]> git.ipfire.org Git - thirdparty/dovecot/core.git/commitdiff
fts-lucene: Fixes to work with CLucene v2.3.3.4 and new FTS API.
authorTimo Sirainen <tss@iki.fi>
Tue, 31 May 2011 12:38:03 +0000 (15:38 +0300)
committerTimo Sirainen <tss@iki.fi>
Tue, 31 May 2011 12:38:03 +0000 (15:38 +0300)
It's still not recommended to actually use this.

src/plugins/fts-lucene/Makefile.am
src/plugins/fts-lucene/fts-backend-lucene.c
src/plugins/fts-lucene/lucene-wrapper.cc

index 42ee3c1e18b2bdaabd5add183755fec432ad2b52..bd696da580508d47b0a3346f94338e7d1fe1cbf1 100644 (file)
@@ -12,7 +12,7 @@ module_LTLIBRARIES = \
        lib21_fts_lucene_plugin.la
 
 lib21_fts_lucene_plugin_la_LIBADD = \
-       -lclucene
+       -lclucene-shared -lclucene-core
 
 lib21_fts_lucene_plugin_la_SOURCES = \
        fts-lucene-plugin.c \
index c8cd1022e0d2ce188c72aa49cd3d06a671cf0bda..64a1b17e351e2f6bf3819c6e331f954bfe628b2c 100644 (file)
@@ -24,8 +24,13 @@ struct lucene_fts_backend {
        struct fts_backend backend;
        struct lucene_mail_storage *lstorage;
        struct mailbox *box;
+};
 
-       uint32_t last_uid;
+struct lucene_fts_backend_build_context {
+       struct fts_backend_build_context ctx;
+
+       uint32_t uid;
+       bool hdr;
 };
 
 static MODULE_CONTEXT_DEFINE_INIT(fts_lucene_storage_module,
@@ -110,38 +115,69 @@ fts_backend_lucene_build_init(struct fts_backend *_backend,
 {
        struct lucene_fts_backend *backend =
                (struct lucene_fts_backend *)_backend;
-       struct fts_backend_build_context *ctx;
+       struct lucene_fts_backend_build_context *ctx;
+       uint32_t last_uid;
 
        fts_backend_select(backend);
        if (lucene_index_build_init(backend->lstorage->index,
-                                   &backend->last_uid) < 0)
+                                   &last_uid) < 0)

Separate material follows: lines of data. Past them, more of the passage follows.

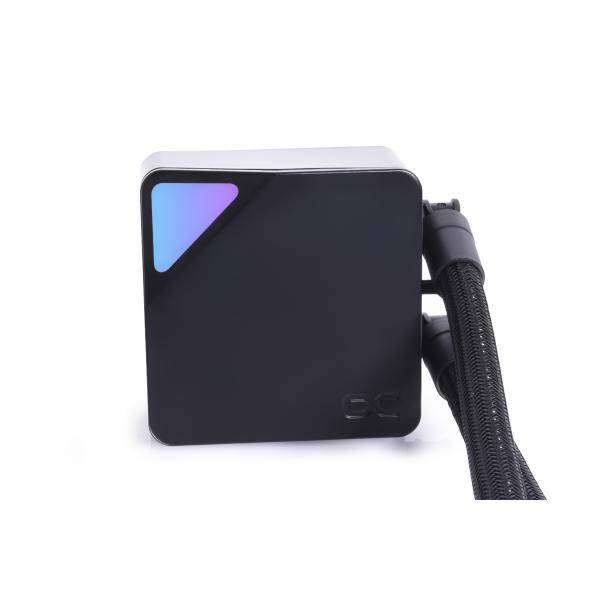 Alphacool Core Ocean T38 AIO 280mm, All-in-One-Flüssigkeitskühler, 14 cm, 34,3 dB, 36 dB, 92,3 cfm, Schwarz-2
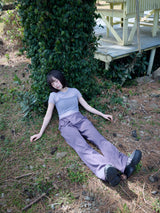WRAP SLACKS (PURPLE)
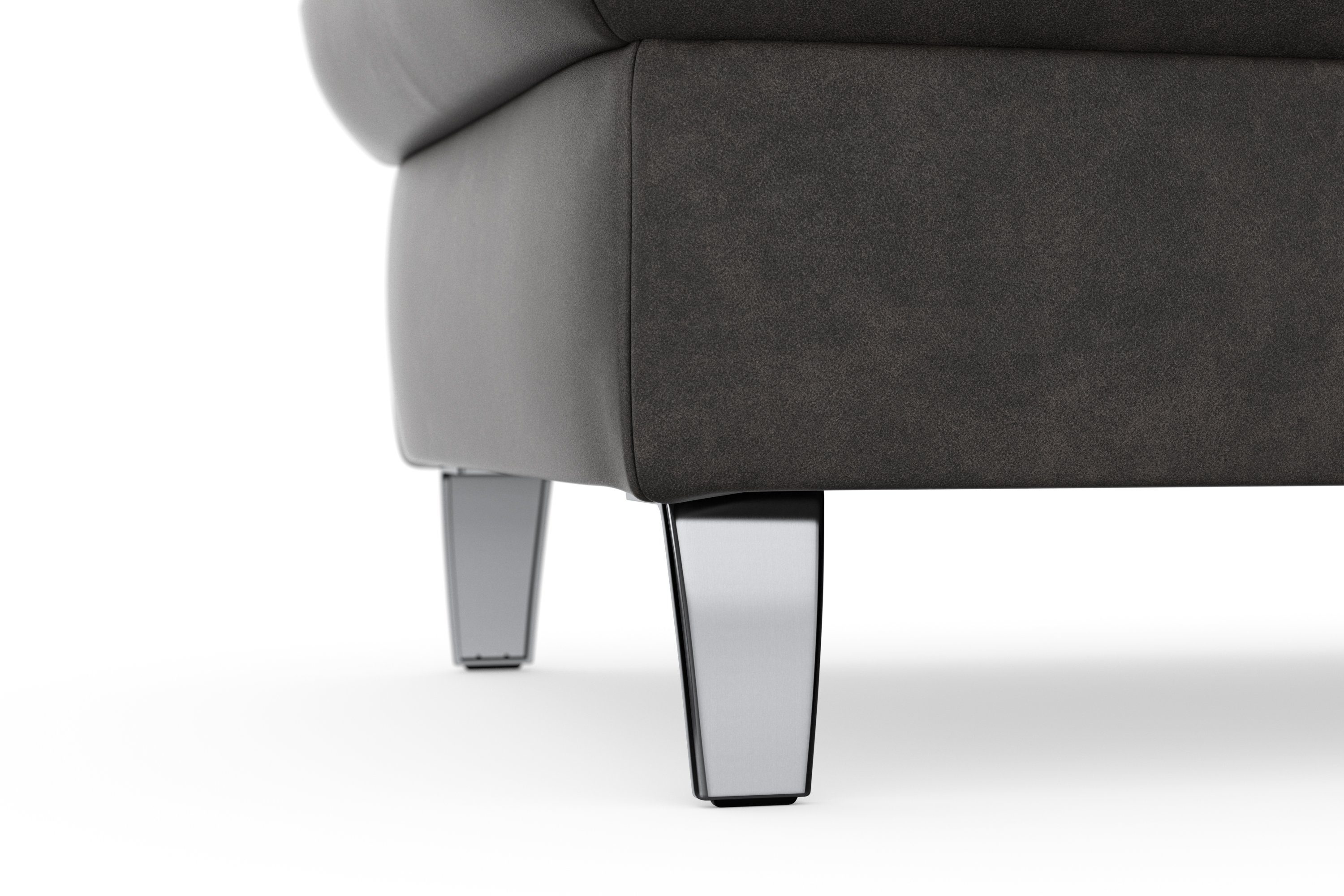 sit&more Hocker met bergruimte Maggiore met bergruimte en moderne metalen poten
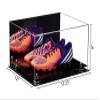Better Display Cases Acrylic Shoe Pair Display Case for Soccer Cleats Football Cleats with Mirror, Silver Risers and Black Base (A026/V12) view 2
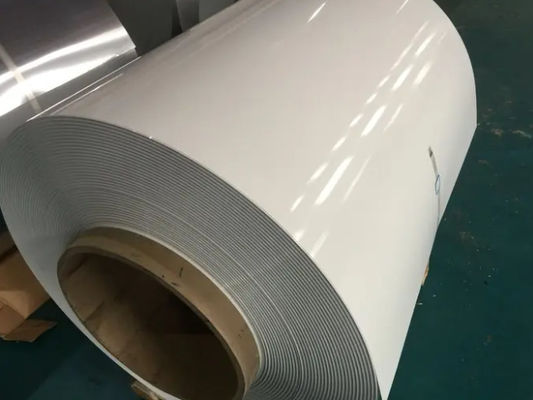 0.55mm Kalınlığı Alaşım3105 H24 24 Gauge PVDF Boya ile Patio Kapama için Ön Boya Alüminyum Bobin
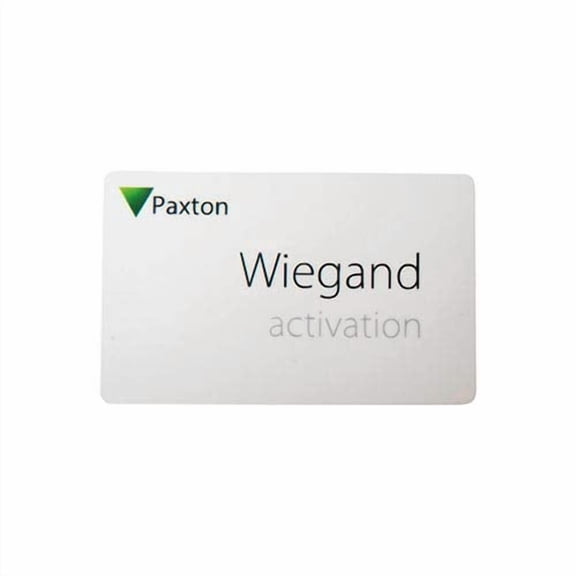 Paxton 125-201-US Wiegand Activation Card, NET2, 125 Kilohertz with Genuine HID Technology, Silver/Black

                return -1;
 
-       ctx = i_new(struct fts_backend_build_context, 1);
-       ctx->backend = _backend;
+       ctx = i_new(struct lucene_fts_backend_build_context, 1);
+       ctx->ctx.backend = _backend;
+       ctx->uid = last_uid + 1;
 
-       *last_uid_r = backend->last_uid;
-       *ctx_r = ctx;
+       *last_uid_r = last_uid;
+       *ctx_r = &ctx->ctx;
        return 0;
 }
 
+static void
+fts_backend_lucene_build_hdr(struct fts_backend_build_context *_ctx,
+                            uint32_t uid)
+{
+       struct lucene_fts_backend_build_context *ctx =
+               (struct lucene_fts_backend_build_context *)_ctx;
+
+       i_assert(uid >= ctx->uid);
+
+       ctx->uid = uid;
+       ctx->hdr = TRUE;
+}
+
+static bool
+fts_backend_lucene_build_body_begin(struct fts_backend_build_context *_ctx,
+                                   uint32_t uid, const char *content_type,
+                                   const char *content_disposition ATTR_UNUSED)
+{
+       struct lucene_fts_backend_build_context *ctx =
+               (struct lucene_fts_backend_build_context *)_ctx;
+
+       i_assert(uid >= ctx->uid);
+
+       if (!fts_backend_default_can_index(content_type))
+               return FALSE;
+
+       ctx->uid = uid;
+       ctx->hdr = FALSE;
+       return TRUE;
+}
+
 static int
-fts_backend_lucene_build_more(struct fts_backend_build_context *ctx,
-                             uint32_t uid, const unsigned char *data,
-                             size_t size, bool headers)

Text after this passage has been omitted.